- Activity
Omit the images, then print each record below exactly as it reads.

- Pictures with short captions
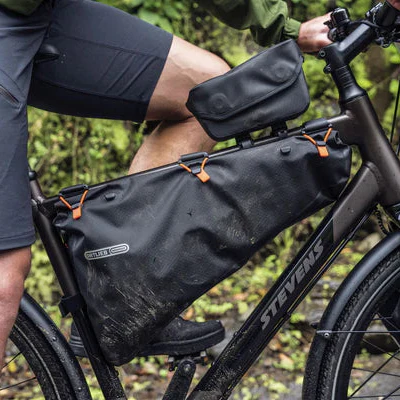 Sacoche de Cadre ORTLIEB FRAME PACK RC 6 L Noir - Image 7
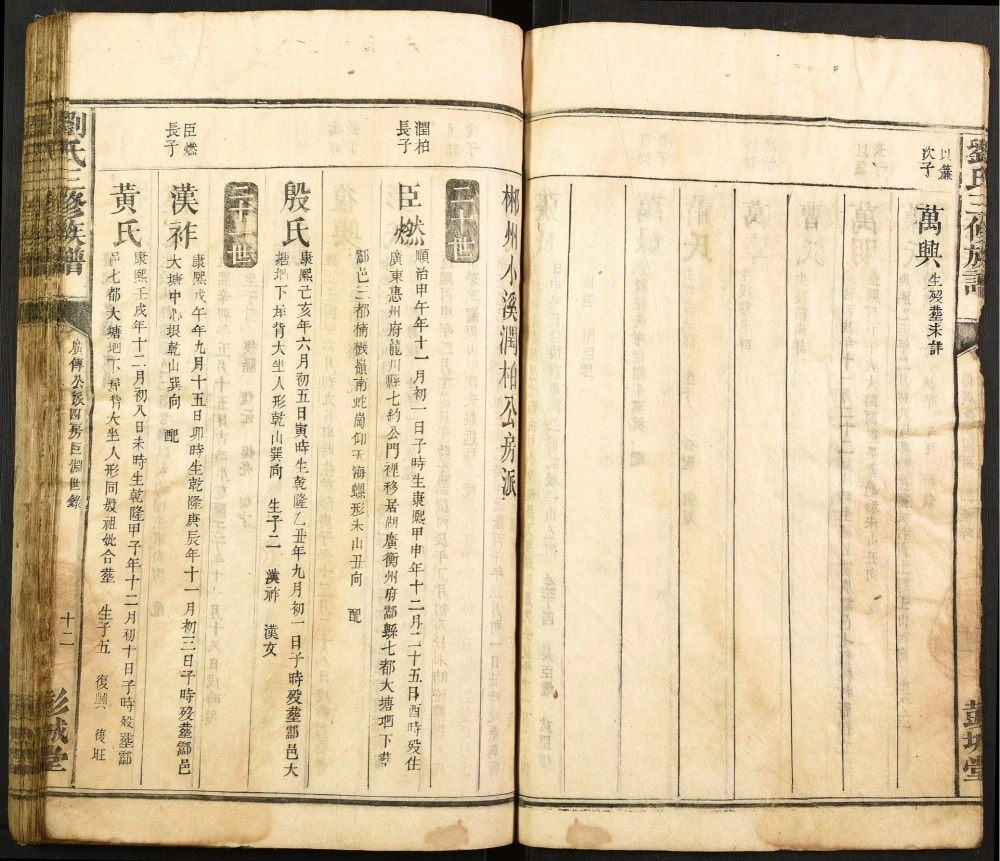 图片[5]-湖南炎陵安仁刘氏三修族谱（彭城堂）电子版PDF下载-中华家谱网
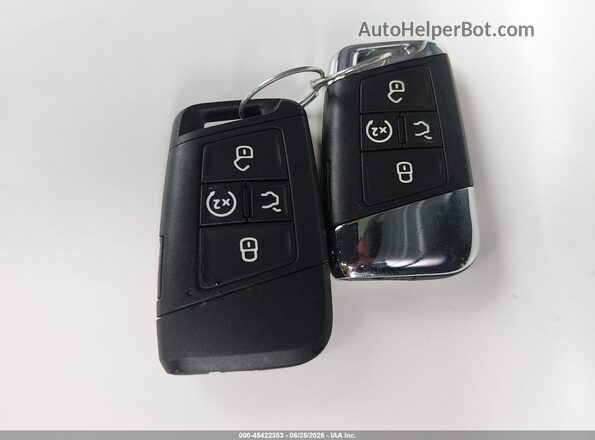 1V2FR2CA8NC557498 2022 VOLKSWAGEN ATLAS Gray Dashboard view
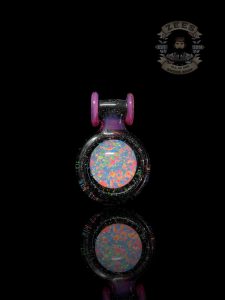 TELEMAGENTA CRUSHED OPAL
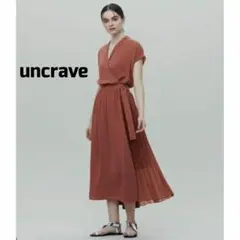 アルアバイル ルルウィルビー リネンオックスカシュクールワンピース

- Exercise result
 Sacoche de Cadre ORTLIEB FRAME PACK RC 6 L Noir - Image 7
 图片[5]-湖南炎陵安仁刘氏三修族谱（彭城堂）电子版PDF下载-中华家谱网
 1V2FR2CA8NC557498 2022 VOLKSWAGEN ATLAS Gray Dashboard view
 TELEMAGENTA CRUSHED OPAL
 アルアバイル ルルウィルビー リネンオックスカシュクールワンピース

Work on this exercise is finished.